Plugging into 'green' luxury: BMW 740e shows how you can have your hybrid cake and eat it
First Drive: BMW 740Le xDrive
I don't think there are too many countries where you get up to €7,500 knocked off the price of a large 'green' luxury plug-in saloon.
Not only do you pay less because of incentives, the VRT and road tax bills are lower too. And here's the really mad bit: you never have to plug it in if you so wish.
The BMW 740e brings the benefits of plug-in ownership into sharp focus.
VRT relief of €2,500 and an SEAI grant of €5,000 anchor the price of the conventional wheelbase 740e at €90,810 on-the-road.
I know it's a shocking lot of money for most of us but not for some. I'm sure they love the idea of something 'for nothing'. The fact that someone is 'donating' that amount of money to encourage 'greener' cars must appeal on several levels.
But the thing is there is no compulsion or checks in place to ensure that you ever, and I mean ever, use the 'plug-in' part.
As you know, plug-in hybrids have a chargeable battery pack and, in this case, a 2-litre 4cyl petrol engine. The combined power output of the 740e is a respectable 326bhp. The plug-in differs from your ordinary hybrid because you can charge it at home, at work or at public points as well as when the engine is on the go.
In doing so, it has been computed that the electric part alone will more than cover the average commute, thereby significantly reducing your overall fuel bills. They say you can get up to 50km on electric only. Make that 25km/30km.
But if you so choose, you just pay your lower price, tax and VRT and carry on as if it were a petrol car and not bother charging.
There is, however, a sting in the tail for long wheelbase all-wheel-drive versions of the 740e, called 740Le xDrive (I drove and was driven in recently). It doesn't qualify for the €5,000 grant because its emissions are 54g/km - just 4g/km over the 'limit'. Normal wheelbase models scrape in at 49g/km and 50g/km: a few grammes make €5,000 of a difference.

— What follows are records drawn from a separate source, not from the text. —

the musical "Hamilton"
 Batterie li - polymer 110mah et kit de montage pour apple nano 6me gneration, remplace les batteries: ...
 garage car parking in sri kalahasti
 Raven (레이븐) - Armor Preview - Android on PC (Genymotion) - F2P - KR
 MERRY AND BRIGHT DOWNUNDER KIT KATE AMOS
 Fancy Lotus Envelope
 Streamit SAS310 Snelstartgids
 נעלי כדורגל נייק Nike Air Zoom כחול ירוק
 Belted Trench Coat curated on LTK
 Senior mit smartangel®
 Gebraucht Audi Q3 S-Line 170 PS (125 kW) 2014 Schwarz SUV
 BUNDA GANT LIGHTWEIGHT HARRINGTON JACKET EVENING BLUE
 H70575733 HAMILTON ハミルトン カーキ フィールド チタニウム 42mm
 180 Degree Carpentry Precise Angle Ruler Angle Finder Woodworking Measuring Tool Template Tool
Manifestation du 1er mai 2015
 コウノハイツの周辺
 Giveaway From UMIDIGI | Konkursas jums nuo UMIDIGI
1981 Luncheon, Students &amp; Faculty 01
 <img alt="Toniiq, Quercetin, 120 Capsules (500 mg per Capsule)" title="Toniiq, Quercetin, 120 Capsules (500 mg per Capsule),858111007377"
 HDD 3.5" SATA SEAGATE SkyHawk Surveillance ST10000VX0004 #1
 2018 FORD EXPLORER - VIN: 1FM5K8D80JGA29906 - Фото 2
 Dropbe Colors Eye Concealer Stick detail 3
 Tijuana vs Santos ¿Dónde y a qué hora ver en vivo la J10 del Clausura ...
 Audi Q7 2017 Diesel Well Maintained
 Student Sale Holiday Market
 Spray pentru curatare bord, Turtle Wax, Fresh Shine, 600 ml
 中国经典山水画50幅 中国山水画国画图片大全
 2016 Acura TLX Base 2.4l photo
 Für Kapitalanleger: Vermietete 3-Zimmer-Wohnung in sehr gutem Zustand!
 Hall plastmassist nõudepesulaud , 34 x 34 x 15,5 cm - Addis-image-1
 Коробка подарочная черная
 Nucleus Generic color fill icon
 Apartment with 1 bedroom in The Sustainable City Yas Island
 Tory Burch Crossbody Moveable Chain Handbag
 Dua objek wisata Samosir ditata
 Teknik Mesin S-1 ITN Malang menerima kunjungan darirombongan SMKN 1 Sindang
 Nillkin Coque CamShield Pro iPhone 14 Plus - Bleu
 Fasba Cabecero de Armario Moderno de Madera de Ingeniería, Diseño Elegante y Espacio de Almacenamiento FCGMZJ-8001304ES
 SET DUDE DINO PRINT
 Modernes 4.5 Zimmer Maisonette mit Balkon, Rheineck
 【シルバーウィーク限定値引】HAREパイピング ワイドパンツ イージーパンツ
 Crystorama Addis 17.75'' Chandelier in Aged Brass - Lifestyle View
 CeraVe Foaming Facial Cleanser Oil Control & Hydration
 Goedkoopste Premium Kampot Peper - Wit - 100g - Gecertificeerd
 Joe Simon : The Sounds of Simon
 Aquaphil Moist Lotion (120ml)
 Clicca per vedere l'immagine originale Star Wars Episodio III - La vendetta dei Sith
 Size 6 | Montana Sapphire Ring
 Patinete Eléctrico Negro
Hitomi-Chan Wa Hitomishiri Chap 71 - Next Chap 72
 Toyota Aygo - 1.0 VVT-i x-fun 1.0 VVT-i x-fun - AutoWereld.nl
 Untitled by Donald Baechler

Against that we are talking just €170 road tax. It doesn't matter that the official fuel consumption figures are way off real-world returns. They are the basis for VRT and road tax.
The big car was quiet and smooth and we didn't find it slow to react despite it having just a 2-litre petrol. And I had so much room in the back it was ridiculous.
The engine and electric motor (integrated into the 8spd automatic gearbox) worked well in tandem or separately depending on demand.
Cabin space is not affected by the battery pack but the boot is reduced to a still-decent 420 litres.
Prices for long-wheel base versions start at €105,260 on the road.